## What to do
Please give the records below back in full, exactly as shown.

[Stored data entries]
══════════════════════════════

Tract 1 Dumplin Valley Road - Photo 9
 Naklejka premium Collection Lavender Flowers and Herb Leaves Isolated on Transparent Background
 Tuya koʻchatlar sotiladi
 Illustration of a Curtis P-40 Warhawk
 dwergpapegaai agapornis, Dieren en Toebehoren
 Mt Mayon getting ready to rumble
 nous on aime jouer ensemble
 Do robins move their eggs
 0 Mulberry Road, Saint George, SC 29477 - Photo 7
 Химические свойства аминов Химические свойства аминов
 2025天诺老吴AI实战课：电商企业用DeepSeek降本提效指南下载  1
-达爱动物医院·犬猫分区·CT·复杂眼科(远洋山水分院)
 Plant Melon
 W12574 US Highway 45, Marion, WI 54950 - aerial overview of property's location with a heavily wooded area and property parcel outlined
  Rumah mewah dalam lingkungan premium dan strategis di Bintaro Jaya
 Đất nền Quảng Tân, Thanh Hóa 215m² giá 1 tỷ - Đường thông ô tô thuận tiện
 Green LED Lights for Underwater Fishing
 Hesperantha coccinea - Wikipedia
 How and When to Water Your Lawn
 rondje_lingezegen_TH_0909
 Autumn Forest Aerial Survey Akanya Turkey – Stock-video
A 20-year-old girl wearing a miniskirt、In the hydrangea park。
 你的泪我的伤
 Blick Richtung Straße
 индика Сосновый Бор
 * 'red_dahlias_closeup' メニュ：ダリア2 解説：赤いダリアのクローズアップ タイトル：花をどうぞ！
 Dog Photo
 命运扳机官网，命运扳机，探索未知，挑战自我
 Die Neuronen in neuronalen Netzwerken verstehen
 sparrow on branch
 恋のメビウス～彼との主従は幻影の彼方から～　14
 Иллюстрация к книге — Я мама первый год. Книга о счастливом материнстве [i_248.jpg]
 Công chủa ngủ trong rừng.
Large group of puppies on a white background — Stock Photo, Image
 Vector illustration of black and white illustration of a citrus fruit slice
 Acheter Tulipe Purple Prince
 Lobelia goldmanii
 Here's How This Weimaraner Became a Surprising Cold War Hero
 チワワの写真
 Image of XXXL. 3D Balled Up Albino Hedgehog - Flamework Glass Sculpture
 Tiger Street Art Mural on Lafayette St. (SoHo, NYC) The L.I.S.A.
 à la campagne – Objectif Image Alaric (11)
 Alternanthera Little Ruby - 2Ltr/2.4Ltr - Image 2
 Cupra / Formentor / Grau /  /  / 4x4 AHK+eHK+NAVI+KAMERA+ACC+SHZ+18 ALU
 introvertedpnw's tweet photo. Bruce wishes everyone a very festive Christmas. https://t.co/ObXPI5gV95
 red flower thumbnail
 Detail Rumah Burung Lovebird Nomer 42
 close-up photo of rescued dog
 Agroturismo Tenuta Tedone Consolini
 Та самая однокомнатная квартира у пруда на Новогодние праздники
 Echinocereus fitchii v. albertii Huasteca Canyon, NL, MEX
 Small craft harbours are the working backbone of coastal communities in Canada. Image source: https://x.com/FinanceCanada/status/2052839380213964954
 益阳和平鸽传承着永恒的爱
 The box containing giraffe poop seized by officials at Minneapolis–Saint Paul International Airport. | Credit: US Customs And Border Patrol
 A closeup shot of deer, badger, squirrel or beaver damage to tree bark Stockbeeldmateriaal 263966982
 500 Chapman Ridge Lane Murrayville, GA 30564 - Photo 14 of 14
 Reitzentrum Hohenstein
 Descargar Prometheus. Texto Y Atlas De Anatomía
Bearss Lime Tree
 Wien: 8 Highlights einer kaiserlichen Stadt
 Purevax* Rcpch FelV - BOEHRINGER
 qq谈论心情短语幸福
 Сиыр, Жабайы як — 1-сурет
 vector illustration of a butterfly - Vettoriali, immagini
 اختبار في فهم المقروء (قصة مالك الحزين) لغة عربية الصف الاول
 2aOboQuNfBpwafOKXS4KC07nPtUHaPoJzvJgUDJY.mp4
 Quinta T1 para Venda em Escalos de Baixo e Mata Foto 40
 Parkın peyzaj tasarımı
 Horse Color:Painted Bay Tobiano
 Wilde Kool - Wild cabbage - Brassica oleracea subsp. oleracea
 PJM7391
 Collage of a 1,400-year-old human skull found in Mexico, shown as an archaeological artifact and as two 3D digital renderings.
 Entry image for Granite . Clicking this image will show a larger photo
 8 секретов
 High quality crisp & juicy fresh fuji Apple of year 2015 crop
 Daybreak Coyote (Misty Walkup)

══════════════════════════════

## Solution for this task
Tract 1 Dumplin Valley Road - Photo 9
 Naklejka premium Collection Lavender Flowers and Herb Leaves Isolated on Transparent Background
 Tuya koʻchatlar sotiladi
 Illustration of a Curtis P-40 Warhawk
 dwergpapegaai agapornis, Dieren en Toebehoren
 Mt Mayon getting ready to rumble
 nous on aime jouer ensemble
 Do robins move their eggs
 0 Mulberry Road, Saint George, SC 29477 - Photo 7
 Химические свойства аминов Химические свойства аминов
 2025天诺老吴AI实战课：电商企业用DeepSeek降本提效指南下载  1
-达爱动物医院·犬猫分区·CT·复杂眼科(远洋山水分院)
 Plant Melon
 W12574 US Highway 45, Marion, WI 54950 - aerial overview of property's location with a heavily wooded area and property parcel outlined
  Rumah mewah dalam lingkungan premium dan strategis di Bintaro Jaya
 Đất nền Quảng Tân, Thanh Hóa 215m² giá 1 tỷ - Đường thông ô tô thuận tiện
 Green LED Lights for Underwater Fishing
 Hesperantha coccinea - Wikipedia
 How and When to Water Your Lawn
 rondje_lingezegen_TH_0909
 Autumn Forest Aerial Survey Akanya Turkey – Stock-video
A 20-year-old girl wearing a miniskirt、In the hydrangea park。
 你的泪我的伤
 Blick Richtung Straße
 индика Сосновый Бор
 * 'red_dahlias_closeup' メニュ：ダリア2 解説：赤いダリアのクローズアップ タイトル：花をどうぞ！
 Dog Photo
 命运扳机官网，命运扳机，探索未知，挑战自我
 Die Neuronen in neuronalen Netzwerken verstehen
 sparrow on branch
 恋のメビウス～彼との主従は幻影の彼方から～　14
 Иллюстрация к книге — Я мама первый год. Книга о счастливом материнстве [i_248.jpg]
 Công chủa ngủ trong rừng.
Large group of puppies on a white background — Stock Photo, Image
 Vector illustration of black and white illustration of a citrus fruit slice
 Acheter Tulipe Purple Prince
 Lobelia goldmanii
 Here's How This Weimaraner Became a Surprising Cold War Hero
 チワワの写真
 Image of XXXL. 3D Balled Up Albino Hedgehog - Flamework Glass Sculpture
 Tiger Street Art Mural on Lafayette St. (SoHo, NYC) The L.I.S.A.
 à la campagne – Objectif Image Alaric (11)
 Alternanthera Little Ruby - 2Ltr/2.4Ltr - Image 2
 Cupra / Formentor / Grau /  /  / 4x4 AHK+eHK+NAVI+KAMERA+ACC+SHZ+18 ALU
 introvertedpnw's tweet photo. Bruce wishes everyone a very festive Christmas. https://t.co/ObXPI5gV95
 red flower thumbnail
 Detail Rumah Burung Lovebird Nomer 42
 close-up photo of rescued dog
 Agroturismo Tenuta Tedone Consolini
 Та самая однокомнатная квартира у пруда на Новогодние праздники
 Echinocereus fitchii v. albertii Huasteca Canyon, NL, MEX
 Small craft harbours are the working backbone of coastal communities in Canada. Image source: https://x.com/FinanceCanada/status/2052839380213964954
 益阳和平鸽传承着永恒的爱
 The box containing giraffe poop seized by officials at Minneapolis–Saint Paul International Airport. | Credit: US Customs And Border Patrol
 A closeup shot of deer, badger, squirrel or beaver damage to tree bark Stockbeeldmateriaal 263966982
 500 Chapman Ridge Lane Murrayville, GA 30564 - Photo 14 of 14
 Reitzentrum Hohenstein
 Descargar Prometheus. Texto Y Atlas De Anatomía
Bearss Lime Tree
 Wien: 8 Highlights einer kaiserlichen Stadt
 Purevax* Rcpch FelV - BOEHRINGER
 qq谈论心情短语幸福
 Сиыр, Жабайы як — 1-сурет
 vector illustration of a butterfly - Vettoriali, immagini
 اختبار في فهم المقروء (قصة مالك الحزين) لغة عربية الصف الاول
 2aOboQuNfBpwafOKXS4KC07nPtUHaPoJzvJgUDJY.mp4
 Quinta T1 para Venda em Escalos de Baixo e Mata Foto 40
 Parkın peyzaj tasarımı
 Horse Color:Painted Bay Tobiano
 Wilde Kool - Wild cabbage - Brassica oleracea subsp. oleracea
 PJM7391
 Collage of a 1,400-year-old human skull found in Mexico, shown as an archaeological artifact and as two 3D digital renderings.
 Entry image for Granite . Clicking this image will show a larger photo
 8 секретов
 High quality crisp & juicy fresh fuji Apple of year 2015 crop
 Daybreak Coyote (Misty Walkup)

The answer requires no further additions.